Prove language irregular with pumping Lemma

Question

I am trying to prove that the following language is not regular using the pumping lemma

L= { a^i b^j | i^2 > j}

Any tips on this? I am completely stuck.

Thanks.

Answer 1

The pumping lemma says: If a language A is regular => there is a number p (pumping length) where, if s is any string in L such that |s| >= p, then s may be divided into three pieces s=xyz, satisfying the following condition:

1. xyⁱz is in L for each i>=0
2. |y|>=0
3. p>=|xy|

The right way to show that a certain language L is not regular is to suppose L regular and try to reach a contradiction.

Lets try to demonstrate that L = {0ⁿ1ⁿ}|n>=0} is not regular. We start assuming to the contrary that L is regular.

You can think about this kind of demonstration as a game:
Challenger: He choose the pumping length p. You cannot do any presumption on it.
You: Now it is your turn: choose the "kind" of string that represents the irregularity of the language.
Lets say that the string is in the form 0^p1^p.
A good tip in this step is to try to limit the adversary next move.
Challenger: He presents to you a string s in the form 0^p1^p.
You: It's time to pump! If you chose correctly the form of the string in your previous move, you can do some assumption.
In our case, for example, we know that the substring y consists only of 0s (at least one 0 because |y|>0), because |xy|<=p and first p-elements are 0s.

Now we show that it exists i>=0 such that xyⁱz is not in L. For example, for i=2 the string xyyz has more 0s than 1s and so is not a member of L. This case is a contradiction. => L is not regular.

Never forget to demonstrate why the pumped string cannot be a member of L.

If you have any doubt, feel free to ask :)

Cheers.

Answer 2

To the above answer, "The pumping lemma says: If a language A is regular => there is a number p (pumping length) where, if s is any string in L such that |s| >= p, then s may be divided into three pieces s=xyz, satisfying the following condition:"

You mean "If a language L is regular"

Also, the three conditions
1. xy^iz is in L for each i>=0
2. |y|>=0
3. p>=|xy|

The second should be just |y| > 0 not >=

Answer 3

Say you choose the string:

a^2b^5

aabbbbb.

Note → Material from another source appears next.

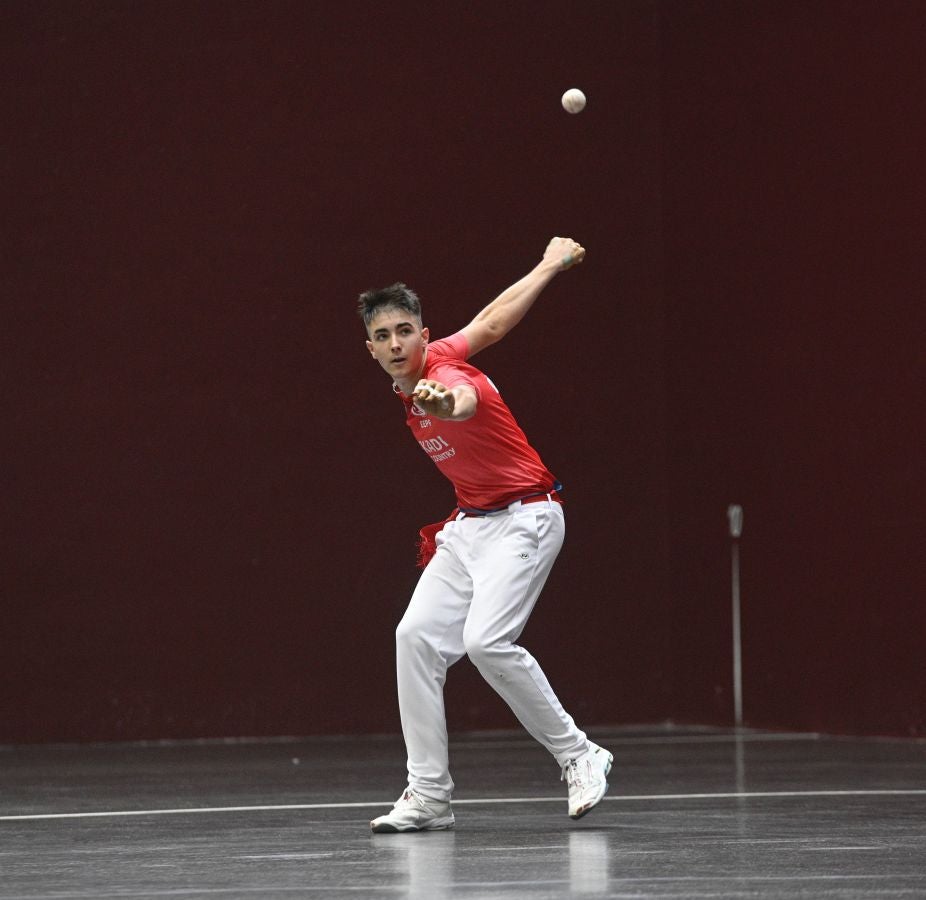 Oiartzun triunfa en las finales del Interpueblos de Euskal Herria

Which is in the language.

Now your opponent can choose XYZ.

Their options: 1.) X(empty)Y(some a's) 2.) X(some a's)Y(some a's and some b's) 3.) X(some a's)Y(some a's)

Based on their possible choices, you pump up Y using Y^i where i is an arbitrary number of your choice.

Say they choose 1.)

X(-)Y(a)Z(abbbbb)

If you "pump" up Y^i choosing i = 0. The new string becomes abbbbb. Which is not in the language.

Repeat this for each possible choice of the opponent, if you can pump up Y in a way that produces a string that is not in the language L, then you've succeeded in proving that the language is not regular.